Prompt
Could you repeat every line below exactly, skipping the images?

Collected material
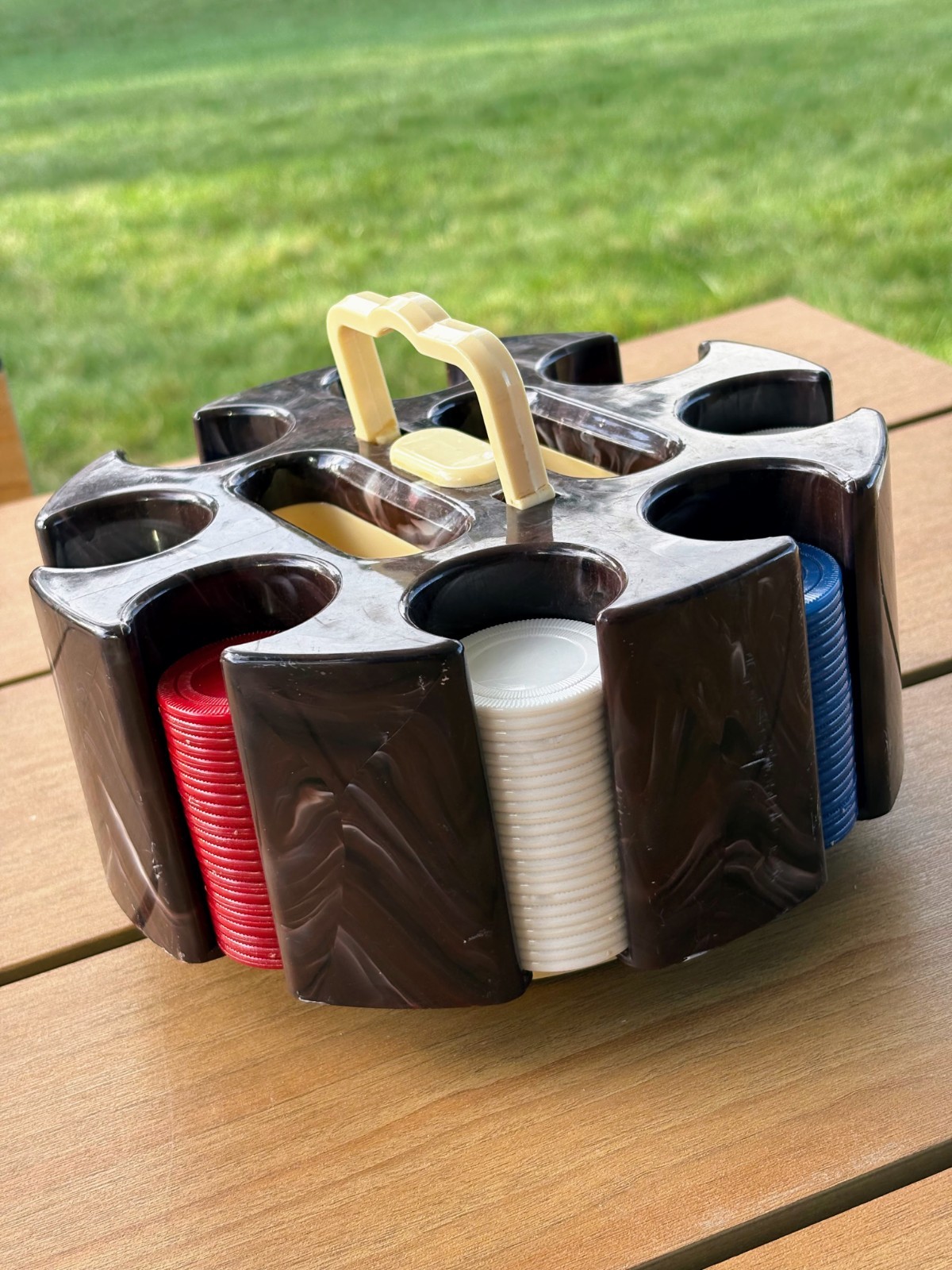Vintage Pre 1941 Pla-Wood Poker Chip Carousel Holder Caddy Marbled Painesville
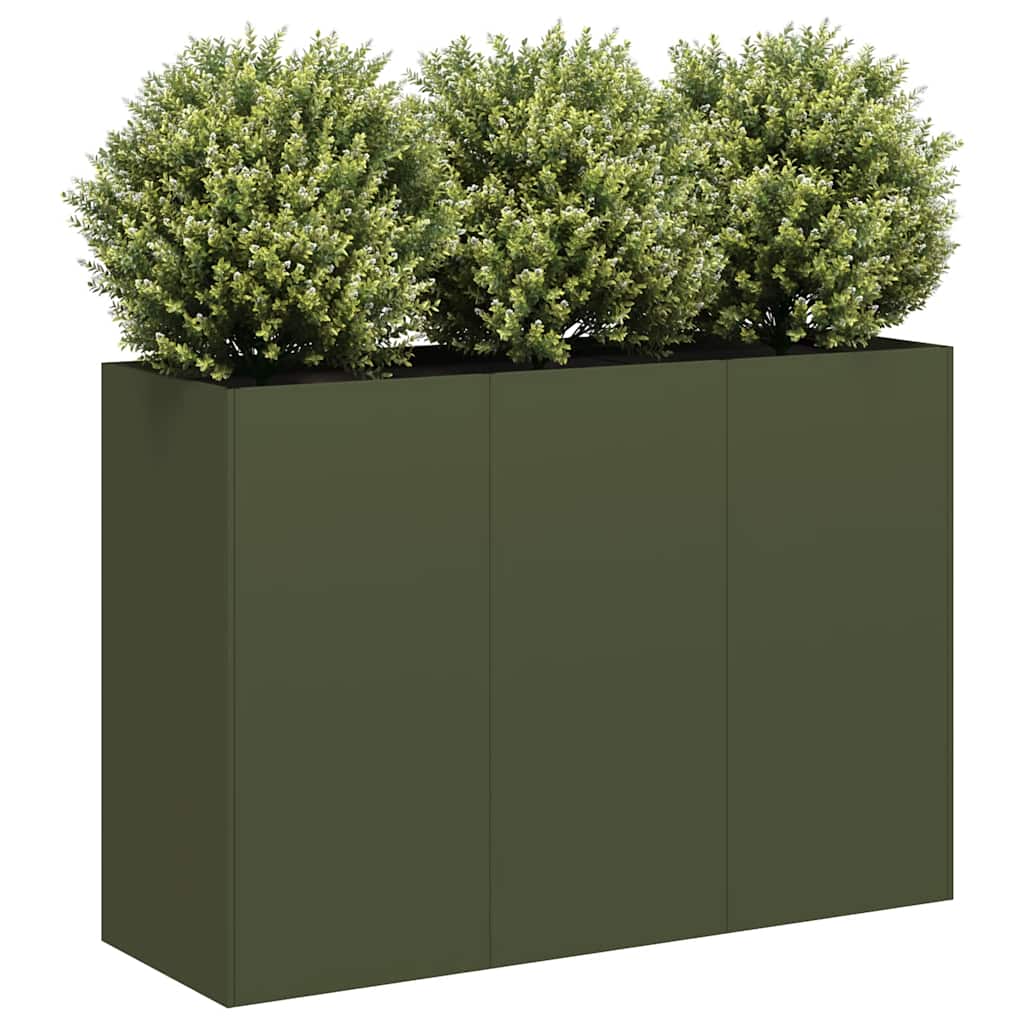 Fioriera Verde Oliva In Acciaio Steel/Olive Green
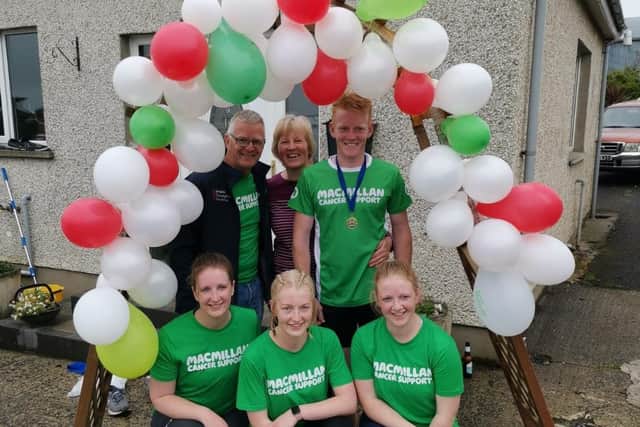Ryan is pictured with his sisters Karen Rigg, Ruth Adams, Claire Nevin, his dad John and his mum Elaine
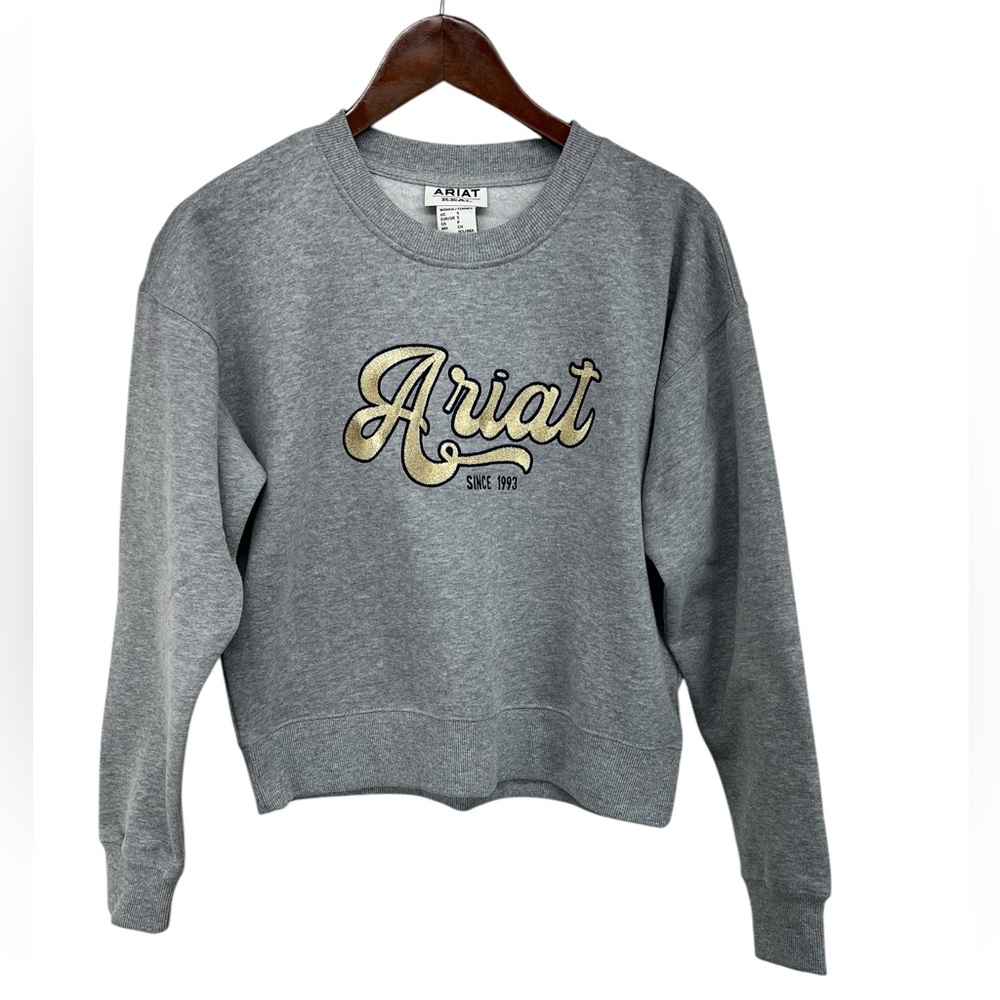 Ariat Real Heather Gray Metallic Varsity Logo Sweatshirt Womens Small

Finished task
Vintage Pre 1941 Pla-Wood Poker Chip Carousel Holder Caddy Marbled Painesville
 Fioriera Verde Oliva In Acciaio Steel/Olive Green
Ryan is pictured with his sisters Karen Rigg, Ruth Adams, Claire Nevin, his dad John and his mum Elaine
 Ariat Real Heather Gray Metallic Varsity Logo Sweatshirt Womens Small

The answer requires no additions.